= Joseph F. Egan =

American politician

Joseph F. Egan (c. 1917 – March 22, 1964) was an American lawyer and politician from New York.

==Life==
He was born about 1917 in Schenectady, New York, the son of Joseph O. Egan and Nora Mulcare Egan. There he attended the public schools and St. Columba's High School. He graduated with a BBA from Michigan State University, and LL.B. from Albany Law School. He married Eileen M. Houlihan, and they had five children.

He was a combat pilot of the U.S. Marine Corps in the Pacific theater of World War II, and attained the rank of first lieutenant.
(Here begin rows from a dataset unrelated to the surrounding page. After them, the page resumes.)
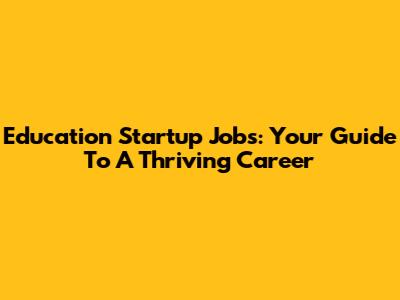 Education Startup Jobs: Your Guide To A Thriving Career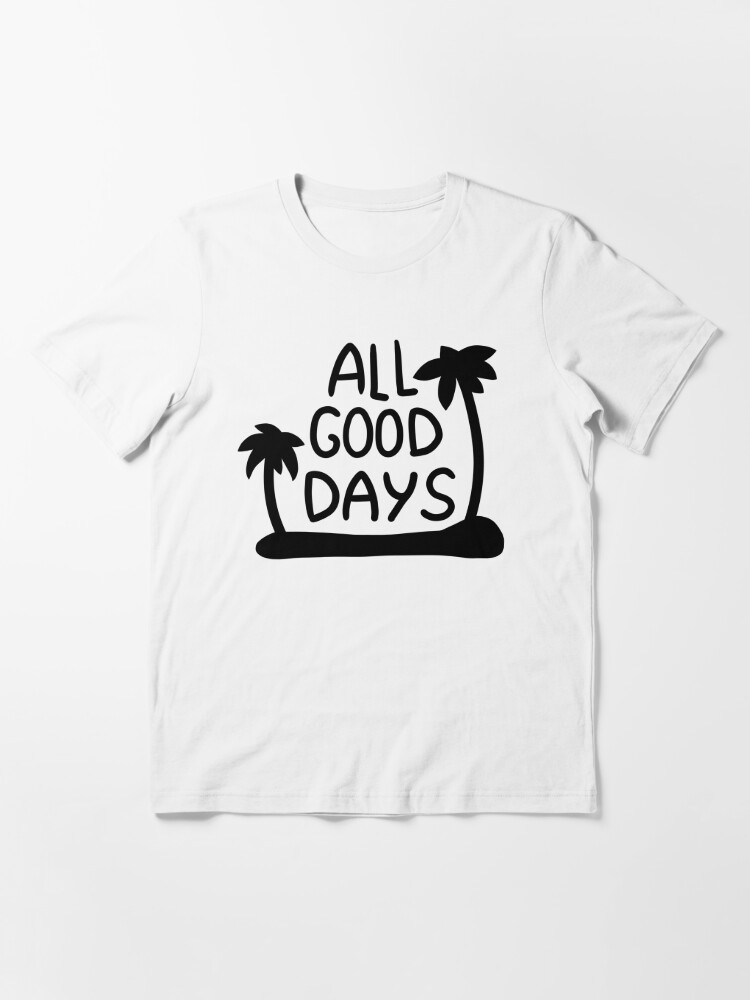 all good days shirt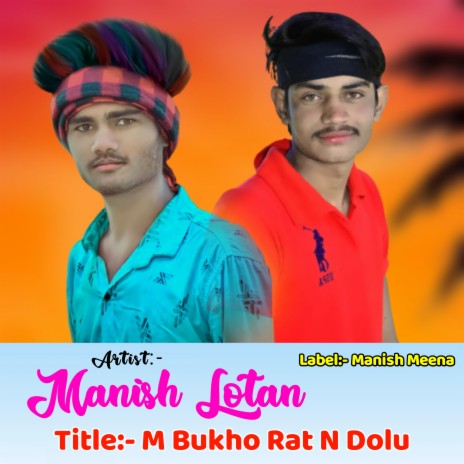 M Bukho Rat N Dolu ft. Kajod Baiplawat, Singer Kajod Bhal, Kanaram Thali & Raju Gomladu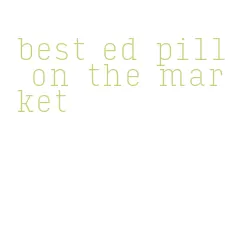 best ed pill on the market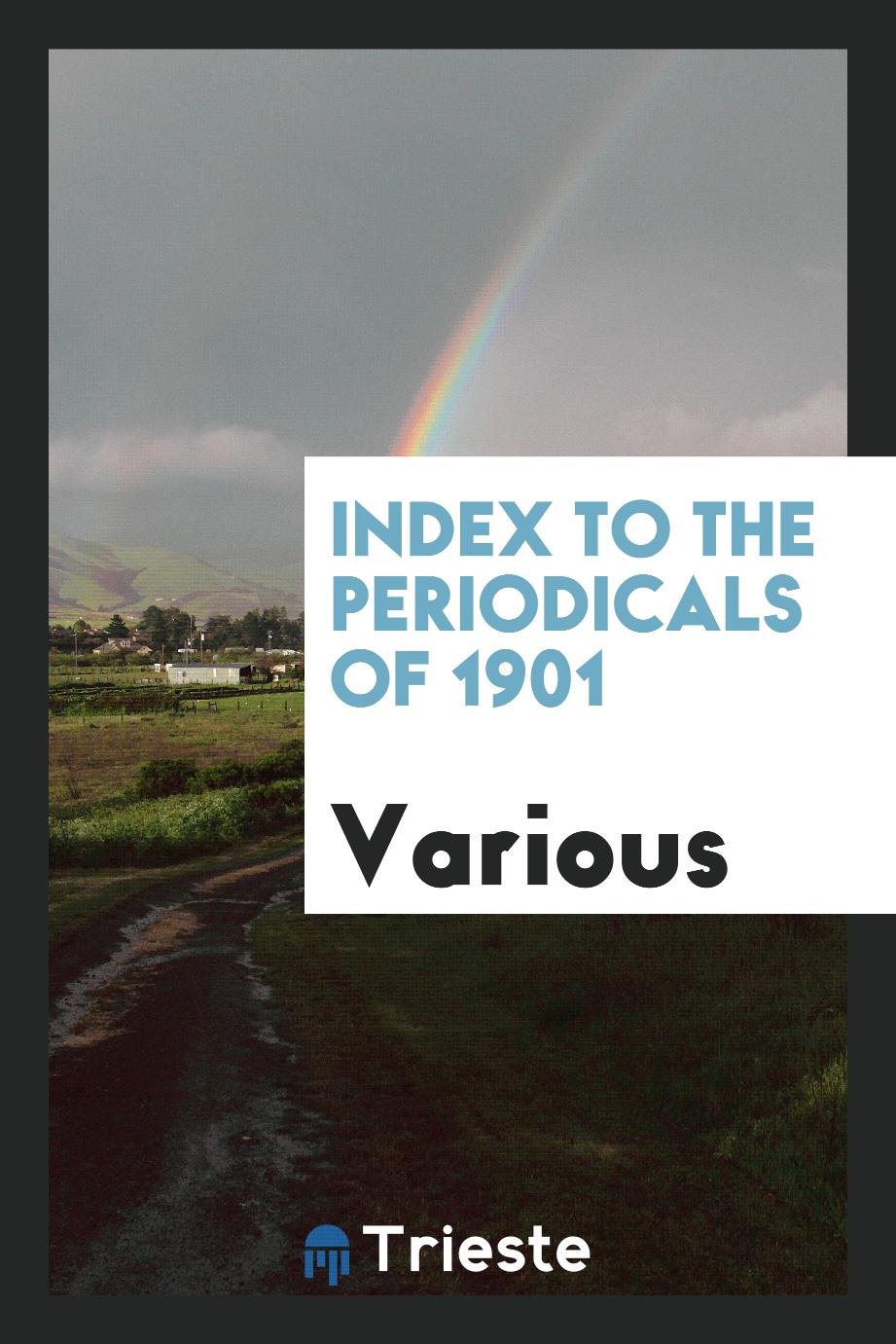 Index to the Periodicals of 1901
He was awarded the Air Medal with two stars. After the war, he practiced law in Schenectady, and entered politics as a Republican.

Egan was a member of the Board of Supervisors of Schenectady County (Schenectady, 12th W.) from 1956 to 1959, and was Majority Leader in 1958 and 1959. He was elected on November 3, 1959, to the New York State Assembly (Schenectady Co.), to fill the vacancy caused by the death of Oswald D. Heck. He was re-elected twice, and remained in the State Assembly until his death in 1964, sitting in the 172nd, 173rd and 174th New York State Legislatures.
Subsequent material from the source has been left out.